The rush towards gesture-based interface seems to be a new trend, as shown by this gesture-control for regular TV designed by Australian engineers Dr Prashan Premaratne and Quang Nguye.

What seems to change here is the fact that the concurrency problem is taken into account: “Crucially for anyone with small children, pets or gesticulating family members, the software can distinguish between real commands and unintentional gestures“. The good integration to a wide range of devices is also new (” elevision, video recorder, DVD player, hi-fi and digital set-top box”), acting as a universal remote control. In addition, the very basic gestural grammar designed here seems to be simple enough.

Why do I blog this? What is intriguing is the way it is referred to as “Wii-style”. This type of system has received a lot of interested in the last 20 years, lots of patents have been filed in the area. Maybe the Minority-Report-like UI as well as the frenziness towards multi-touch interface has led to a situation where people are expecting this sort of things to happen soon (normative future shape by cultural artifacts). The arrival of the Wii that can be seen as the “Steve Jobs of gestural interface” is also an important milestone. Will this pervade multimedia system controllers? Time will tell and it would be good to understand what works and what’s not working with the Wii in terms of users acceptances.

6 Responses to “Gestural interface for TV”

  1. ville Says:

    For me these “experimental” user-interfaces are somehow problematic as they replicate the behavioral patterns of users and often try to provide “efficiency” into old obvious or discovered usage patterns. Simply looking at the picture and seeing that the person is still sitting on the couch in front of the TV also doesn’t feel too uplifting..

  2. Brock Says:

    If you’ve spent any time studying remotes and people you’ll know that there are often multiple people watching TV at once. The remote helps to disambiguate viewers from each other and grant agency to the remote-holder. Once that is gone, you’ll see mayhem in the living room.
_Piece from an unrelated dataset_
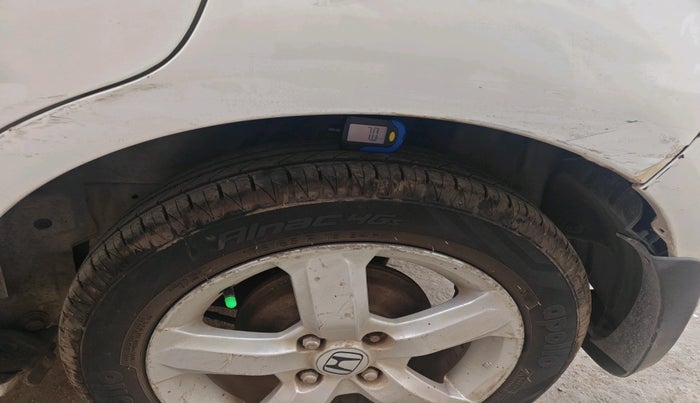 2011 Honda Jazz 1.2L I-VTEC BASE, Petrol, Manual, 1,01,028 km, tyre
    And people are going to freak over a camera watching them in their living room, especially if it is connected to their cable box. People already consider telcos and cable/sat big brother.

    Also, DVRs are incredibly complex. I doubt this system will scale to handle all those complex features.

  3. Nicolas Says:

    Hehe I’ve actually never said in the blogpost that I was utterly convinced by the system. I only found interesting the small steps that has been done. I agree with both comments and the drawbacks they highlight (as they describe the failures and possible limits).

  4. ville Says:

    I observed my remote use once and noticed that probably 80-90% of the button pushes had to do with adjusting the audio level to suit the social situation at hand - in-room conversation, phone calls coming in - and not so much channel surfing.

  5. Sarah Lipman Says:

    Is it just me, or does this look just like illustrated instructions for playing Rock, Paper, Scissors?!

    http://www.amazon.com/exec/obidos/ASIN/0743267516/authenticbore-20

    Not too surprisingly, I’m very interested in gestural input for TV (and other things). But somehow, this doesn’t do it for me. Then again, I may be prejudiced by the Rock, Paper, Scissors connection!

    Sarah

  6. Nicolas Says:

    Impressive, I haven’ thought about it but it’s definitely close!